━━ Data to examine
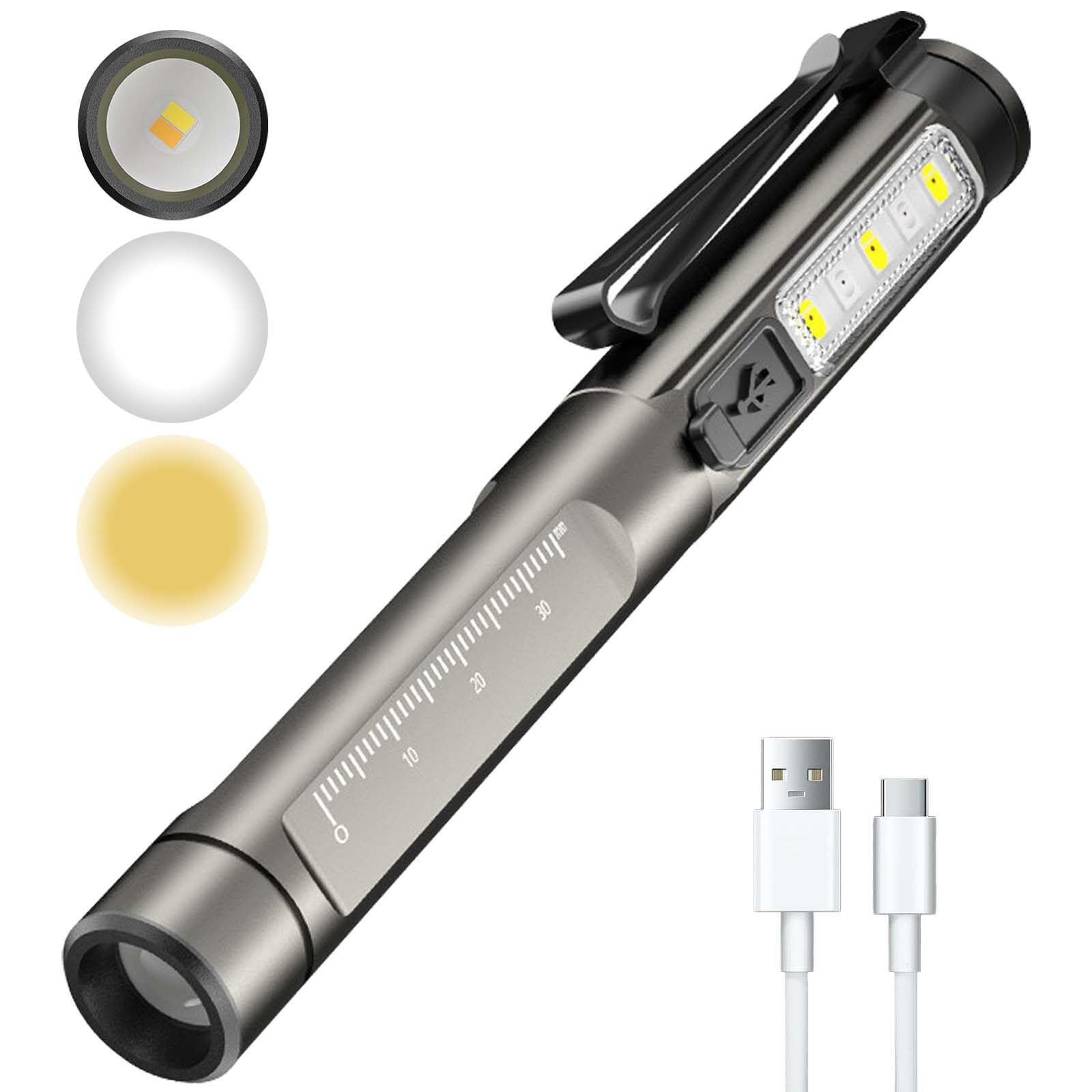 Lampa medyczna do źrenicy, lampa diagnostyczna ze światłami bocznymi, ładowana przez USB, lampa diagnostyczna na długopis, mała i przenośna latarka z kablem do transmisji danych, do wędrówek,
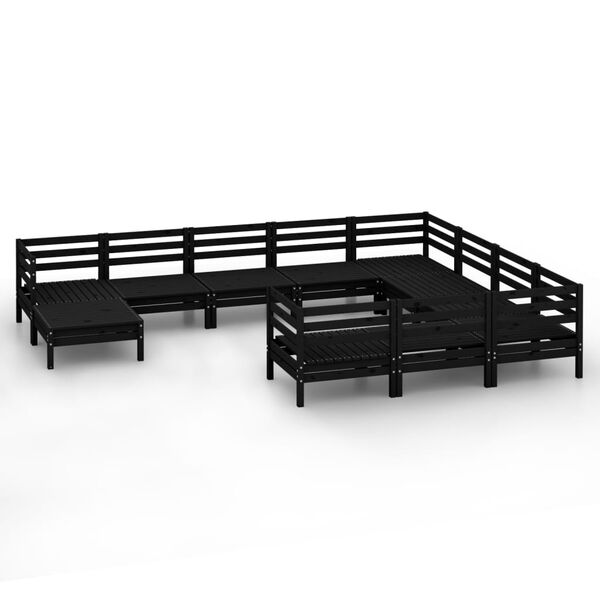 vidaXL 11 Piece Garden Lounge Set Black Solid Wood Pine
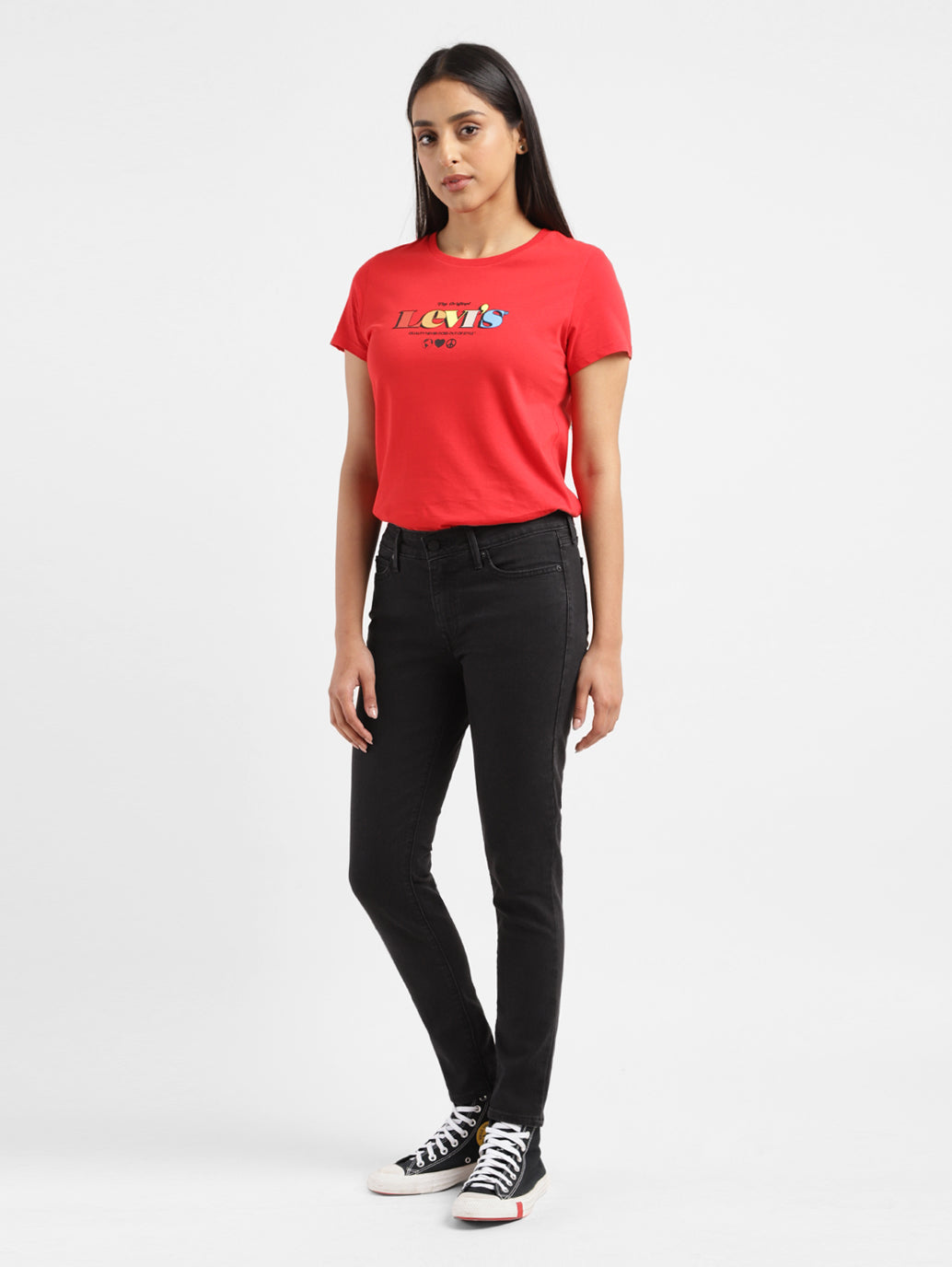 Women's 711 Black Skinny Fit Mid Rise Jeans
━━━━
━━ Data to examine
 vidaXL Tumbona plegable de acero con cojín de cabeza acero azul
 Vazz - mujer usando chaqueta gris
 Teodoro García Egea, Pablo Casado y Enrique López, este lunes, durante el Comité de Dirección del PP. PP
━━━━
━━ Data to examine
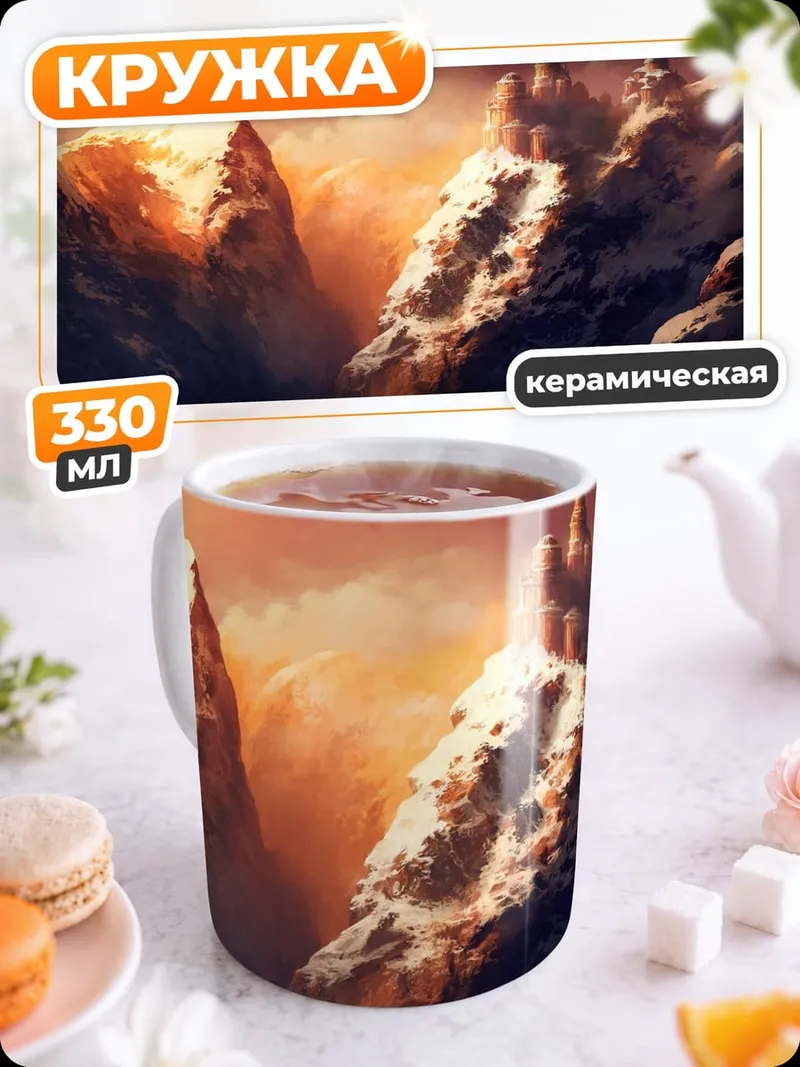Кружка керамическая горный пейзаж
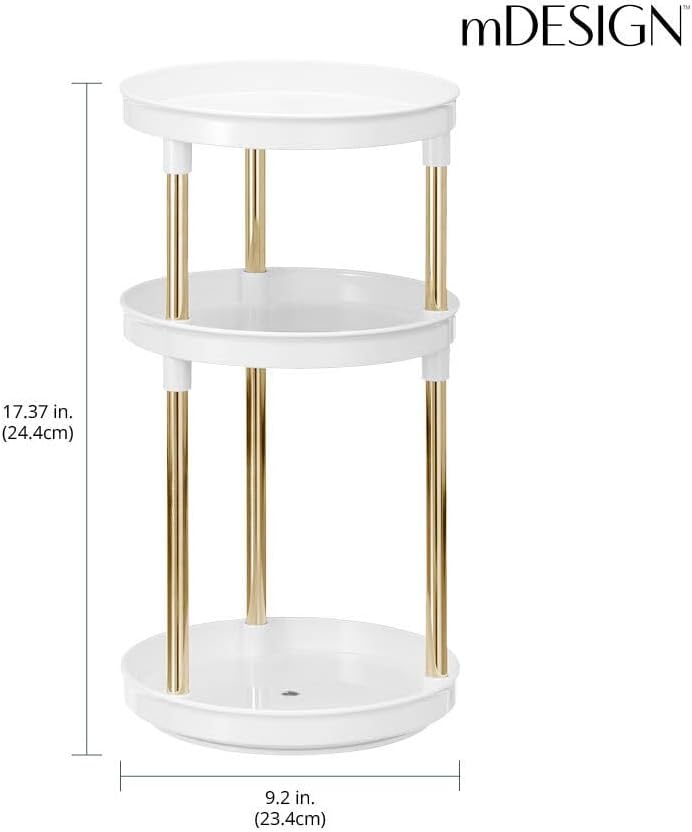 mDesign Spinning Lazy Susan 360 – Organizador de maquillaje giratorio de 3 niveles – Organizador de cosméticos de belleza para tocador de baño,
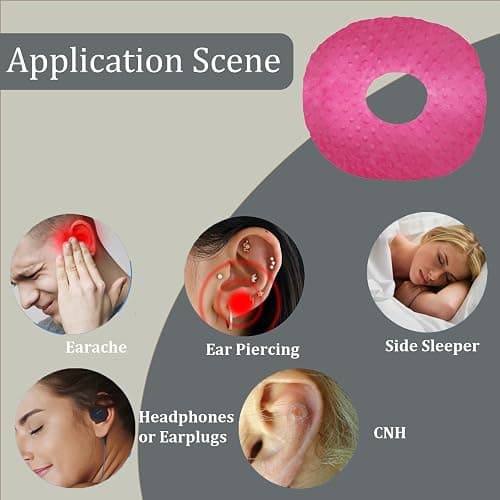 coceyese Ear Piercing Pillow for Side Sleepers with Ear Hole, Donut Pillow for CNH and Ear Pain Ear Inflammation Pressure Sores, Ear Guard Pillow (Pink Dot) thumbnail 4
━━━━
* Exercise prompt:
From the entries above, restate word for word the lines from the line containing "Vazz - mujer usando chaqueta gris" to the line containing "Teodoro García Egea, Pablo", both ends included, and nothing more.

* Worked solution:
 Vazz - mujer usando chaqueta gris
 Teodoro García Egea, Pablo Casado y Enrique López, este lunes, durante el Comité de Dirección del PP. PP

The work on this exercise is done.